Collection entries
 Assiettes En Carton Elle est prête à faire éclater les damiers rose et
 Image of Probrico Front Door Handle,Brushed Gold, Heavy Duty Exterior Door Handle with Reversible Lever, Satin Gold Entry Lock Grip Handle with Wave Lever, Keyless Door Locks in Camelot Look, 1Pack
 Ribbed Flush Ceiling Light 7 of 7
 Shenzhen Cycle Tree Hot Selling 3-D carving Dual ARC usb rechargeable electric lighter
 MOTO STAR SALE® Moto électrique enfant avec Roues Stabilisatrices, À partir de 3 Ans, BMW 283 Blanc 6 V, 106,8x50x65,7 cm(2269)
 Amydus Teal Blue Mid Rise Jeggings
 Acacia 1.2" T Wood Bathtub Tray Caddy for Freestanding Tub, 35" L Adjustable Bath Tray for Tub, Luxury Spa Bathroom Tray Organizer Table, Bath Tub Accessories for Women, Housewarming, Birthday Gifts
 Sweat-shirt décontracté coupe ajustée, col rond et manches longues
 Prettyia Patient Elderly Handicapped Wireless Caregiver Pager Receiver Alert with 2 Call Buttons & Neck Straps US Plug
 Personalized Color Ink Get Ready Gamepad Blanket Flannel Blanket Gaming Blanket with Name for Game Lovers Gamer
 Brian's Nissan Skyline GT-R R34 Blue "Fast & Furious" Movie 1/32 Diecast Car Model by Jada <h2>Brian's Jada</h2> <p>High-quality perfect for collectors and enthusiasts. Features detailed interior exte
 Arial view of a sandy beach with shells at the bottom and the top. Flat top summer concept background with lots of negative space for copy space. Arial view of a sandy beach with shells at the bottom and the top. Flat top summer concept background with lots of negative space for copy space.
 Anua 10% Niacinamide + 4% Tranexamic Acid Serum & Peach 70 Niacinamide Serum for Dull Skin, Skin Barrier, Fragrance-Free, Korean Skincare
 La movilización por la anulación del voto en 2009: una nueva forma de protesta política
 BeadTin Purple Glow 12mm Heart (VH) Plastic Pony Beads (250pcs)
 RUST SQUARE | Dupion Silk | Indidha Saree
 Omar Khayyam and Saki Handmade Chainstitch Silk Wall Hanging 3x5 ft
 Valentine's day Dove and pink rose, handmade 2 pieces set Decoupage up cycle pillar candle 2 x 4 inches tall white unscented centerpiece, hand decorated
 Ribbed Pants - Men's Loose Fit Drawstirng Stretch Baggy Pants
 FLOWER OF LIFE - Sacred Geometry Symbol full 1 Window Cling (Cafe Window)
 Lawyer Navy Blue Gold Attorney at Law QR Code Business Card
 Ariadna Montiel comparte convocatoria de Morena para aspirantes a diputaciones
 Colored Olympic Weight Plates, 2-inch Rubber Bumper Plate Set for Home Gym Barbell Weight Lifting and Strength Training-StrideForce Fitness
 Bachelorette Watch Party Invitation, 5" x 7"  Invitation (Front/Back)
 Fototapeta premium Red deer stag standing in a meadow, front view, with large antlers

### Brief
Whichever lines of the records above hold the word "view" should all be copied out.

### Result
 Arial view of a sandy beach with shells at the bottom and the top. Flat top summer concept background with lots of negative space for copy space. Arial view of a sandy beach with shells at the bottom and the top. Flat top summer concept background with lots of negative space for copy space.
 Fototapeta premium Red deer stag standing in a meadow, front view, with large antlers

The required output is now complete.